• _EXERCISE OBJECTIVE_
Write out exactly the lines of the entries below, from the first through the line containing "Chuai Mege shows", and nothing beyond them.

Entries taken from a collection:
•••••

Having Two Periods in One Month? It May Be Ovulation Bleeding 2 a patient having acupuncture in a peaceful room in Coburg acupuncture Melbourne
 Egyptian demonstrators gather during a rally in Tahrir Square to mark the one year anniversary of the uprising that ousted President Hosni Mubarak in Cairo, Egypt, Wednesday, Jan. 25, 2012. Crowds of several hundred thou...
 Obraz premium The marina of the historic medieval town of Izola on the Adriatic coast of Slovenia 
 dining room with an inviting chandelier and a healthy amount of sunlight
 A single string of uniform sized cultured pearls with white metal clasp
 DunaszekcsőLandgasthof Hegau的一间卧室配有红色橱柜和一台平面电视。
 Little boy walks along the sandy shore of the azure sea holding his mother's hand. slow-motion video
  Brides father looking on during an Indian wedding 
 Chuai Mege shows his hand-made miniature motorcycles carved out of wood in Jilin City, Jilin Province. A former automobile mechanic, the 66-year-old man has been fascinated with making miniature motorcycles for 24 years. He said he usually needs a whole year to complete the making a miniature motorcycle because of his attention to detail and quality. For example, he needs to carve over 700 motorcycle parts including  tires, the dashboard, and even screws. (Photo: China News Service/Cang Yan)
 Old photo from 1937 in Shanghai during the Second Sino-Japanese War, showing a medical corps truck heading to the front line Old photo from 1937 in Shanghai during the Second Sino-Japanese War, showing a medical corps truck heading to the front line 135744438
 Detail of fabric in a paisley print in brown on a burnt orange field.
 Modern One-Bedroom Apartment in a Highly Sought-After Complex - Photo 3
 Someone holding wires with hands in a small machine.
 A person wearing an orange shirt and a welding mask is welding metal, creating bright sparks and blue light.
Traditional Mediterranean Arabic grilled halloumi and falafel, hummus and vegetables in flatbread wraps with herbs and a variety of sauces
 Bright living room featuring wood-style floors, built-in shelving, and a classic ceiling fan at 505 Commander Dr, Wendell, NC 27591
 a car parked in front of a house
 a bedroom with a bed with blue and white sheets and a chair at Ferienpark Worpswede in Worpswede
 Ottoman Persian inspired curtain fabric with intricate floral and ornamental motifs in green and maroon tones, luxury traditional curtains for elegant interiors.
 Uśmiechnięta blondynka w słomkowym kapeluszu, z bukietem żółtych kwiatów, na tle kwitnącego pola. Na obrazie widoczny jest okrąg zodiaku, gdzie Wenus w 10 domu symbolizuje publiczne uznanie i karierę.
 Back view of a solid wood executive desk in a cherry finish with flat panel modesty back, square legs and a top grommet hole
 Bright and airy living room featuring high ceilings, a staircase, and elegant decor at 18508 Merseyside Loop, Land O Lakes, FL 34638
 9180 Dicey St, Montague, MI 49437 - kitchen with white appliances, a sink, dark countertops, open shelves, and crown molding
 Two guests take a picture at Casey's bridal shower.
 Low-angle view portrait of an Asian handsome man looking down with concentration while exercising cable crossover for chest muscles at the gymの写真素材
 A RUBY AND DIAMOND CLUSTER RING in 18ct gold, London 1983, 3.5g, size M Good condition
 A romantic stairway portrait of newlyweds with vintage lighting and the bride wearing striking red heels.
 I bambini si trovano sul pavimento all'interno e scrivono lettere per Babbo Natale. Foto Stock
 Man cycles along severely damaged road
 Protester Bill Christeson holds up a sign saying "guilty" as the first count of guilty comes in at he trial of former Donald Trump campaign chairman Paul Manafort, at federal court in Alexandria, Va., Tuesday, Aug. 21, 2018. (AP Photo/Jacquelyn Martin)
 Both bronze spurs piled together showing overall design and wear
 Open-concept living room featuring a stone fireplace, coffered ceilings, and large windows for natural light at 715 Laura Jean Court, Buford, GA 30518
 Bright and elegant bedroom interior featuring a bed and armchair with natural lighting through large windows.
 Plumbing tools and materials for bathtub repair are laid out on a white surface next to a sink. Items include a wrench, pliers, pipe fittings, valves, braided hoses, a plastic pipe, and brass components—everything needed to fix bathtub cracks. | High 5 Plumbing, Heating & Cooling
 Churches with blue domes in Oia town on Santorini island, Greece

•••••

• _TASK RESULT_
Having Two Periods in One Month? It May Be Ovulation Bleeding 2 a patient having acupuncture in a peaceful room in Coburg acupuncture Melbourne
 Egyptian demonstrators gather during a rally in Tahrir Square to mark the one year anniversary of the uprising that ousted President Hosni Mubarak in Cairo, Egypt, Wednesday, Jan. 25, 2012. Crowds of several hundred thou...
 Obraz premium The marina of the historic medieval town of Izola on the Adriatic coast of Slovenia 
 dining room with an inviting chandelier and a healthy amount of sunlight
 A single string of uniform sized cultured pearls with white metal clasp
 DunaszekcsőLandgasthof Hegau的一间卧室配有红色橱柜和一台平面电视。
 Little boy walks along the sandy shore of the azure sea holding his mother's hand. slow-motion video
  Brides father looking on during an Indian wedding 
 Chuai Mege shows his hand-made miniature motorcycles carved out of wood in Jilin City, Jilin Province. A former automobile mechanic, the 66-year-old man has been fascinated with making miniature motorcycles for 24 years. He said he usually needs a whole year to complete the making a miniature motorcycle because of his attention to detail and quality. For example, he needs to carve over 700 motorcycle parts including  tires, the dashboard, and even screws. (Photo: China News Service/Cang Yan)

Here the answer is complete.